Why “workshops” are suddenly everywhere (and why format matters)
In creative services, workshops have evolved from “nice add-on” to the backbone of how a lot of projects get sold and delivered—branding, content strategy, campaign ideation, UX, even editorial calendars. But here’s the twist: it’s not just what you run in a workshop that determines results. It’s how you run it.
Right now, teams are split between two approaches:
- Live workshops (real-time sessions on Zoom/in-person)
- Async workshops (structured activities completed on participants’ own time)
Both can work. Both can flop. And if you’re a creative business owner, strategist, designer, or copywriter trying to deliver better outcomes without burning out, choosing the right format is a revenue and reputation decision—not just a calendar preference.
The two formats in plain English
Option A: Live workshops
A live workshop is what most people picture: a scheduled block (usually 60–180 minutes) where you facilitate discussion, exercises, and decisions in real time.
Common tools: Zoom/Meet, FigJam/Miro, Google Docs, sticky notes on a wall, whiteboards.
Option B: Async workshops
An async workshop is a guided “experience” spread over hours or days. Participants complete prompts, comment, vote, and add inputs when it suits them. You curate and synthesize rather than facilitate a single live moment.
Common tools: Notion, Google Docs, Loom, Typeform, Slack threads, Airtable forms, Figma comments.
Comparison: async vs live (with the stuff people don’t tell you)
1) Decision quality
Live workshops are great when the goal is alignment now. If you need a group to agree on one direction and move forward quickly—live wins.
Async workshops often produce more thoughtful input because people can reflect.

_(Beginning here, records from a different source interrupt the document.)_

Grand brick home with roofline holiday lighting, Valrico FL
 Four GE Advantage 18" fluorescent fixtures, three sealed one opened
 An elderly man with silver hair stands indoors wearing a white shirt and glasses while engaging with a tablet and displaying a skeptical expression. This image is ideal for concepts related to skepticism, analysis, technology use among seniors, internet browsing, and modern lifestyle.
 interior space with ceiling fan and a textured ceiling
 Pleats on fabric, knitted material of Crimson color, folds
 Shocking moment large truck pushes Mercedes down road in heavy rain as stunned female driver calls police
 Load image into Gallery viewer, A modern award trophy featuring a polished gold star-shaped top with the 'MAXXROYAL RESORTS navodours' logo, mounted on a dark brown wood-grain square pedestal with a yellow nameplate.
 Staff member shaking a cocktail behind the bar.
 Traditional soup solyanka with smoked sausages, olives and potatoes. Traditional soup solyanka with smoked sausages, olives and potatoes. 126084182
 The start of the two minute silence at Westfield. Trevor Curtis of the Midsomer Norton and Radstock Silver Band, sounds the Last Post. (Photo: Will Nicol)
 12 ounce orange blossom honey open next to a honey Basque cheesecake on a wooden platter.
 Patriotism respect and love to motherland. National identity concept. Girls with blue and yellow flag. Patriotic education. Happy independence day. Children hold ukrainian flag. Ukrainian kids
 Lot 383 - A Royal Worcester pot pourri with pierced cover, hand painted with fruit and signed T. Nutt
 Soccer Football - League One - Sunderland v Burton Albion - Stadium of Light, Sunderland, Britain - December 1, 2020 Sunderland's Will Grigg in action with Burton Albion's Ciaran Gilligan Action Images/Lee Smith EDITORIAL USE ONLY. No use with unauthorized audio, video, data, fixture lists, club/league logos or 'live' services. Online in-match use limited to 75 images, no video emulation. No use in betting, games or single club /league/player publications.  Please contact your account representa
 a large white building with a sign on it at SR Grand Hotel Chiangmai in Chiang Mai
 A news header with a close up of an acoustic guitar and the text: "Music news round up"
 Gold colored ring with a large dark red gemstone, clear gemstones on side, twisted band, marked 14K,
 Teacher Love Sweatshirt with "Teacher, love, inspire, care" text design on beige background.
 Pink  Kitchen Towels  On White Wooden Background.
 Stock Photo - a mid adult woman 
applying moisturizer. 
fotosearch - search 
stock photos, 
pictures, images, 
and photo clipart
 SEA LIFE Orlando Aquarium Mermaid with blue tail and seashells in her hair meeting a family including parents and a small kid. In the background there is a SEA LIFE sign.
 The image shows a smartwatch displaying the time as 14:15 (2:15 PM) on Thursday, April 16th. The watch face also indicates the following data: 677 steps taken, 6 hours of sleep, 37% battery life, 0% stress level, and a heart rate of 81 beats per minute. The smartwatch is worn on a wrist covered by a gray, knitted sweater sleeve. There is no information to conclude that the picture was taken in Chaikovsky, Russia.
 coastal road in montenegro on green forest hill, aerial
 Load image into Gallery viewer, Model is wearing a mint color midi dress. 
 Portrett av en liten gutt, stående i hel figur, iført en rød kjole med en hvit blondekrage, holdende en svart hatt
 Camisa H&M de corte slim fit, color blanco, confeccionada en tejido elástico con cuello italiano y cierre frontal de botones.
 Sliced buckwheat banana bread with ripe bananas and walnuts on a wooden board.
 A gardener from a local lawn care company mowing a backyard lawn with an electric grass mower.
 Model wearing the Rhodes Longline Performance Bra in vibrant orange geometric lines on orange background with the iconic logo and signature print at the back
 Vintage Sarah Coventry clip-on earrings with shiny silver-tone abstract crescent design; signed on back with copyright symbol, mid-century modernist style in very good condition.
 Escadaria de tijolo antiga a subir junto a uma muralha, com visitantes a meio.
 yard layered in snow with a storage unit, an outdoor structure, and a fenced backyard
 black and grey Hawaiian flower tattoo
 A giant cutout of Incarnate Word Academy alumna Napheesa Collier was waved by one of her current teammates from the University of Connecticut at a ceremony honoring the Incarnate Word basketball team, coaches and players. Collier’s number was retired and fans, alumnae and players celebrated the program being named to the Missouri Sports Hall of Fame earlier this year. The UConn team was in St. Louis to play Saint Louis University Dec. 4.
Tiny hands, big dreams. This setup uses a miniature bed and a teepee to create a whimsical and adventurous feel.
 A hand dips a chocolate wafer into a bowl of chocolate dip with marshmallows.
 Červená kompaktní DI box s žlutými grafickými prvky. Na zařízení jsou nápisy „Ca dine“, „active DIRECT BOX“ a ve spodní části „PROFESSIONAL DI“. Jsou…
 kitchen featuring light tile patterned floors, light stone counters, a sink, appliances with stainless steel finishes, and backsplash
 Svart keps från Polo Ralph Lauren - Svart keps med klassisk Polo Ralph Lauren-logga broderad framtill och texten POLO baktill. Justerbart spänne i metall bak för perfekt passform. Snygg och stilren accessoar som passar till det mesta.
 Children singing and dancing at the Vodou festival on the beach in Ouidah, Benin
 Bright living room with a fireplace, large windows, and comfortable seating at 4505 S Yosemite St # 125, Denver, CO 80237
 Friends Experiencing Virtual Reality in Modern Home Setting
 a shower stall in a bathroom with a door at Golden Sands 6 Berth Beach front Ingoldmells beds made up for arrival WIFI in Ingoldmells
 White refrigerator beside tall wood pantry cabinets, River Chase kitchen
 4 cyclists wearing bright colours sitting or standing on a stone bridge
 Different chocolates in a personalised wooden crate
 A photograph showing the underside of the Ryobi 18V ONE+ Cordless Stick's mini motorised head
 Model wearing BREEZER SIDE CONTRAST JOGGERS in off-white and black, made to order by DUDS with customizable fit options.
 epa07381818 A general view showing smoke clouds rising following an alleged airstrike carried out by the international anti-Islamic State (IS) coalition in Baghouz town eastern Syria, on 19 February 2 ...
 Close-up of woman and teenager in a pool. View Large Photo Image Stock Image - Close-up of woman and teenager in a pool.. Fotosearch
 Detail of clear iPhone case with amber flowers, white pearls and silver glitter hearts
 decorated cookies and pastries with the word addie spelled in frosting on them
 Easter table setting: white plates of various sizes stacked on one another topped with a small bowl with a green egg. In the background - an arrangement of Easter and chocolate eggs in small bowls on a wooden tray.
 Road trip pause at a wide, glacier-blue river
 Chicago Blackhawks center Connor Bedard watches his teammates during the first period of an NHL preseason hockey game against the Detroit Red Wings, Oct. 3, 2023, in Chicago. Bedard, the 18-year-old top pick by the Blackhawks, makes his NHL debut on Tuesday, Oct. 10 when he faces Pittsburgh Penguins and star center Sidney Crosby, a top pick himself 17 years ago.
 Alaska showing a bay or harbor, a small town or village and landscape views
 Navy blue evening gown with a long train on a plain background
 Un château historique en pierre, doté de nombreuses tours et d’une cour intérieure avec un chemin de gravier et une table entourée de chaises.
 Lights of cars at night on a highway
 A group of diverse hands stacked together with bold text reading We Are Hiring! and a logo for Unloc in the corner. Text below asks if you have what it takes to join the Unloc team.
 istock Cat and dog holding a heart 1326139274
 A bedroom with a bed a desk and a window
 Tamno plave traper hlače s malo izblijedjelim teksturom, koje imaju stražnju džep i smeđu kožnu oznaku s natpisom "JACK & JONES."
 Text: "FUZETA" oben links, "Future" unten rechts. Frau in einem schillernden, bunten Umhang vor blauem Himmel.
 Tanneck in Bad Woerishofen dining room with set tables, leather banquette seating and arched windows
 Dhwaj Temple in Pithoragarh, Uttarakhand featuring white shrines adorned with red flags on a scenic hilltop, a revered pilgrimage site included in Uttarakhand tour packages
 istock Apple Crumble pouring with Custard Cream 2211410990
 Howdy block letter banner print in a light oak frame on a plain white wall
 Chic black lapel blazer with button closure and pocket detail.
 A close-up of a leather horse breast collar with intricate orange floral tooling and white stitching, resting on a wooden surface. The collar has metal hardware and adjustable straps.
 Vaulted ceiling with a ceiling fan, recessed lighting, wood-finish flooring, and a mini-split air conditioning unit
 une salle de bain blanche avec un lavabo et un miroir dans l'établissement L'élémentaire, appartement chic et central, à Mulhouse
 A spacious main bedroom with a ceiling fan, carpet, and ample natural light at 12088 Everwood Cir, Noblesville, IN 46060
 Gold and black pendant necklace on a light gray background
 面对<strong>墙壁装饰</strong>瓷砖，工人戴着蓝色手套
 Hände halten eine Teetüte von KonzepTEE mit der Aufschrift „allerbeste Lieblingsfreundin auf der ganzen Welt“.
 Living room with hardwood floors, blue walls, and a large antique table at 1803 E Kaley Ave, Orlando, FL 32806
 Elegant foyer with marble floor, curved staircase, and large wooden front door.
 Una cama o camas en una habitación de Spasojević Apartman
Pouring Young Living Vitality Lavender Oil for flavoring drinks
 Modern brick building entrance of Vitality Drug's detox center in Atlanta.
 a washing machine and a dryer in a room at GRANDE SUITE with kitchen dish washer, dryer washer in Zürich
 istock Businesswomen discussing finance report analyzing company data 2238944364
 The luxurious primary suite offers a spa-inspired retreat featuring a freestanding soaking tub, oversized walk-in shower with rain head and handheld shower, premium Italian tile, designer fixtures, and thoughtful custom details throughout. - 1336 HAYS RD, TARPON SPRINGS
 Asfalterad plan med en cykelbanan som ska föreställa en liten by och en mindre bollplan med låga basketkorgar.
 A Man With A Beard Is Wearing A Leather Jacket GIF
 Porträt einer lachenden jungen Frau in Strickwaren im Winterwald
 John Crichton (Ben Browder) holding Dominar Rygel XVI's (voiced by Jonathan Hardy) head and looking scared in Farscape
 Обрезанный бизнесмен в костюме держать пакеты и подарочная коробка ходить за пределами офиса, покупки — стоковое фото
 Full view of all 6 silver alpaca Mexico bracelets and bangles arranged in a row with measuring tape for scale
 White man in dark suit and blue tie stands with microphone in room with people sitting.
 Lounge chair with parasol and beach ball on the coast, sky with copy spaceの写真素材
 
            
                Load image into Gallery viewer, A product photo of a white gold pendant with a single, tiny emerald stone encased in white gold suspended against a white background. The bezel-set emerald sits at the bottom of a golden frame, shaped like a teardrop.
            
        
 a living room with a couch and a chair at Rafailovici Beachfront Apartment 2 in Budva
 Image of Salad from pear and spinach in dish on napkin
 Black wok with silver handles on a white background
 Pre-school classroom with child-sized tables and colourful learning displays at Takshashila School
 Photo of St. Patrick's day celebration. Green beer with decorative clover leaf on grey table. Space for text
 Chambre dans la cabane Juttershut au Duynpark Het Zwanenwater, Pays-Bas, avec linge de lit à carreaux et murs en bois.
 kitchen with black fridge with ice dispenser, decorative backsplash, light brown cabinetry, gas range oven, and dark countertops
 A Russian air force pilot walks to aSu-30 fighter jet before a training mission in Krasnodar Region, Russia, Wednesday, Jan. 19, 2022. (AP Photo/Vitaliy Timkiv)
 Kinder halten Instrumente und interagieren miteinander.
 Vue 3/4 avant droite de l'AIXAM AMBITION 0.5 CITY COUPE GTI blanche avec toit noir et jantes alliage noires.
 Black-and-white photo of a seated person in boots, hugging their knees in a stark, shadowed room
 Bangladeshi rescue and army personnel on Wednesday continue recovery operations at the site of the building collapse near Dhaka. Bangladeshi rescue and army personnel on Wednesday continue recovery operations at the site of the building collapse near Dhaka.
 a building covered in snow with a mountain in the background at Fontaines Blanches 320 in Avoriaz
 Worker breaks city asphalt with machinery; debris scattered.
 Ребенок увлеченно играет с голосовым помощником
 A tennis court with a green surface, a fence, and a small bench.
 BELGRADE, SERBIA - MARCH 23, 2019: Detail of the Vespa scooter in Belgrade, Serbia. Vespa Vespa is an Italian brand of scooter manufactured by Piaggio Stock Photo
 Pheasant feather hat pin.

Introverts (and busy execs) tend to contribute more when they’re not fighting for airtime.
Actionable tip: If the workshop requires “hot takes” (rapid ideation, naming jams, concept selection), go live. If it requires “considered takes” (brand values, positioning, voice decisions), go async.
2) Participation and power dynamics
Live workshops can be hijacked by the loudest voice. If you’ve ever watched a stakeholder steamroll a group into a “safe” idea, you know the pain.
Async workshops reduce real-time dominance. When input is written, you can anonymize voting or separate “idea generation” from “idea selection,” which often produces braver options.
Real-world example: For a small retail brand rebrand, you can run async name exploration where staff submit ideas privately, then you reveal themes and shortlists later. This avoids the “everyone laughs at the first weird idea” effect that shuts creativity down in live rooms.
3) Speed (surprising winner)
People assume live is faster. Sometimes it is. But live workshops often come with scheduling delays, reschedules, and the classic “we didn’t finish—let’s book another call.”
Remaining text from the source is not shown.